*** Data shown ***
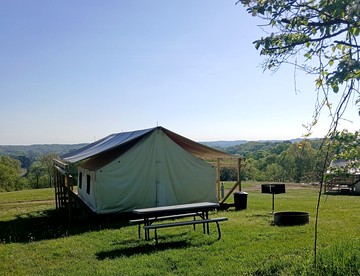 Cozy Tented Cabin with Fire Pit and Barbecue in Logan, Ohio - Logan, Ohio - glamping.directory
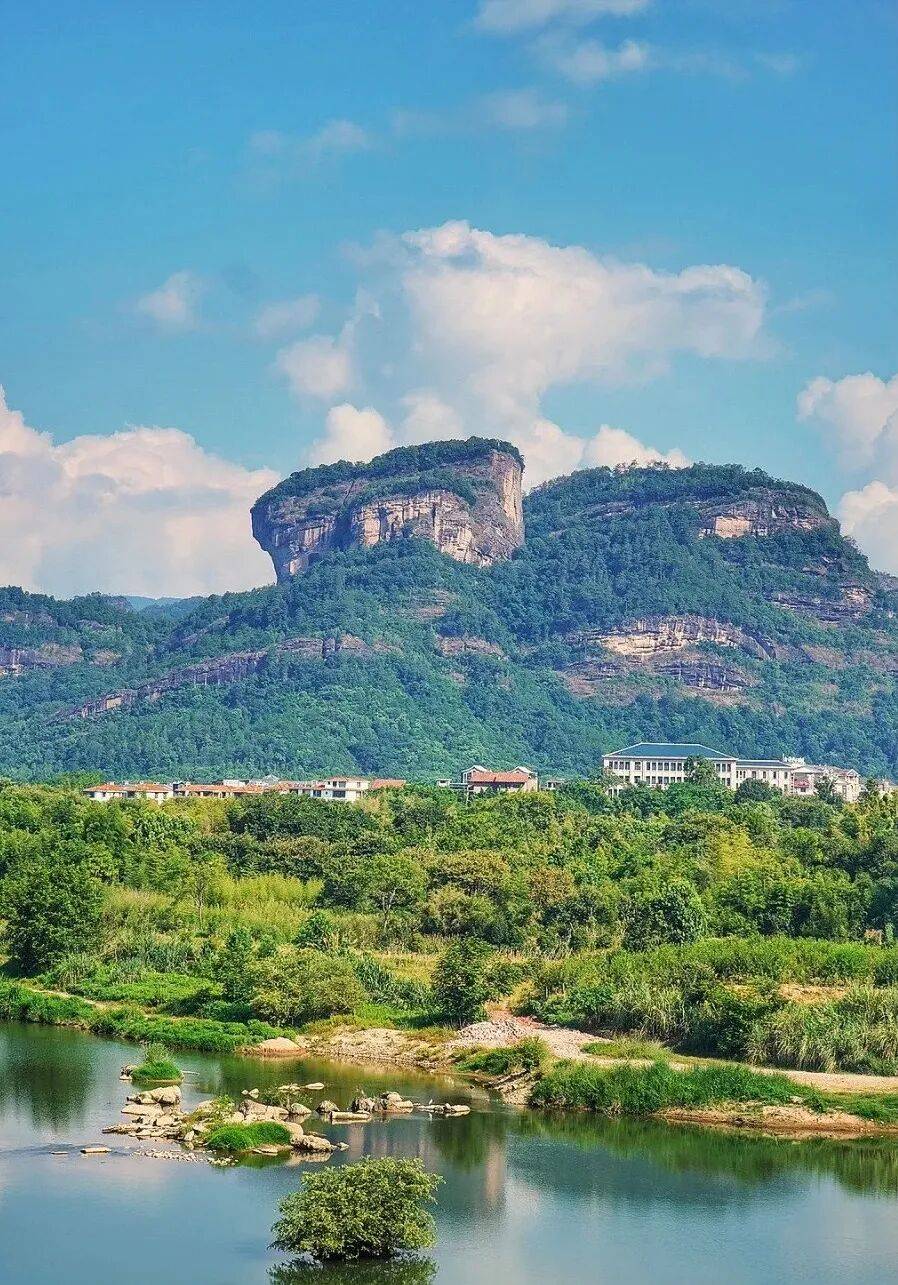 为什么年轻人迷上了爬山？ | 秋高气爽<strong></p>
<p>fil价格</strong>，是时候出发了→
***
### Exercise requirements
Restate the material above word for word, omitting the pictures.

### Answer to the exercise
 Cozy Tented Cabin with Fire Pit and Barbecue in Logan, Ohio - Logan, Ohio - glamping.directory
 为什么年轻人迷上了爬山？ | 秋高气爽<strong></p>
<p>fil价格</strong>，是时候出发了→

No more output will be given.